She further argued that the synod, through Reverend Kachipapa, admitted publicly in 2014 that some members embezzled funds, hence the need to refund it.

Said Mkamanga: “I think it is not proper for government to respond. There are a number of issues which were previously raised. CSOs [civil society organisations] raised the same concerns, but government has never responded. Why is it responding to the church? There is nowhere it can go with that? By the way the church admitted its failures in public.”

On his part, Phiri also observed that government will not benefit from finger pointing because it “has no power to influence the church at this time”.

He said: “I do not think government should take a church as its competitor at this time. It will not win the game. I think it should have stayed quiet.”

One of the CSO leaders under the Human Rights Defenders, Gift Trapence, whose organisation is engaged in the national anti-corruption fight, said by making such a counter-argument, the DPP administration is in denial of its corruption scandals.

The letter, which provided direction to its faithful on what kind of leader to vote for in the elections, also attacked government for its indecisiveness in cracking down on alleged killers of people living with albinism.
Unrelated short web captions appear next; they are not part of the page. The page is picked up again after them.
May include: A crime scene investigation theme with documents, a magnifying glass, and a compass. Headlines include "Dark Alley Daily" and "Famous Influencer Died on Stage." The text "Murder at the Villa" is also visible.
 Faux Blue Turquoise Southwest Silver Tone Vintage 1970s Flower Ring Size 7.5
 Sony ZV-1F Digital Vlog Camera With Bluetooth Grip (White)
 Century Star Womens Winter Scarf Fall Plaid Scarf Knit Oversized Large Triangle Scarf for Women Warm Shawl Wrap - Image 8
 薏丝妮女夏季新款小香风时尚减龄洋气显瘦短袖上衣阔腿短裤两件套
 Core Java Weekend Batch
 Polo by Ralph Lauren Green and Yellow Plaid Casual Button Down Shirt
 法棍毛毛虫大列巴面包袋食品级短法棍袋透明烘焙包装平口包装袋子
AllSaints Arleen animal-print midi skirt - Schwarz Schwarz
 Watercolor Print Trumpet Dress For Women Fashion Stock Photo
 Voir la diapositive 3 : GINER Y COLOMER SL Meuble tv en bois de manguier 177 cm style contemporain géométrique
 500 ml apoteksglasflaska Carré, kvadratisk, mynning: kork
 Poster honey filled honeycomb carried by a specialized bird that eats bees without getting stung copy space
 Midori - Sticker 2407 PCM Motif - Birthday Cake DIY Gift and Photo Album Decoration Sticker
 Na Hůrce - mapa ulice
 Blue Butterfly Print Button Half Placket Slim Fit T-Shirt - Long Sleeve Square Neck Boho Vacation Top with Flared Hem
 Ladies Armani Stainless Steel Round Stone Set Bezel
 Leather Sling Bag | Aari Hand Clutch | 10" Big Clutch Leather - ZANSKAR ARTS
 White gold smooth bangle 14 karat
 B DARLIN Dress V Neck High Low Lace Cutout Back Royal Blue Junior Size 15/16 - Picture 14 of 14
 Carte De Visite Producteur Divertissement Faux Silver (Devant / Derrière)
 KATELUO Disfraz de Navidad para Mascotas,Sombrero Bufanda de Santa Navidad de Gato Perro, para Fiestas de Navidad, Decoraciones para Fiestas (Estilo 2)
It added that government had also been inert in investigating mysterious deaths of former Anti-Corruption Bureau (ACB) official Issa Njauju, former Polytechnic student Robert Chasowa and, lately in police custody, suspected albino abductee Buleya Lule.

While he sounded diplomatic in the preamble of yesterday’s statement, the Minister of Information punched holes in the synod’s pastoral letter for its “misplaced facts” and  “creation of erroneous impressions”.

He said government has neither feigned ignorance of the malfeasance nor denied that corruption is deep rooted in the country.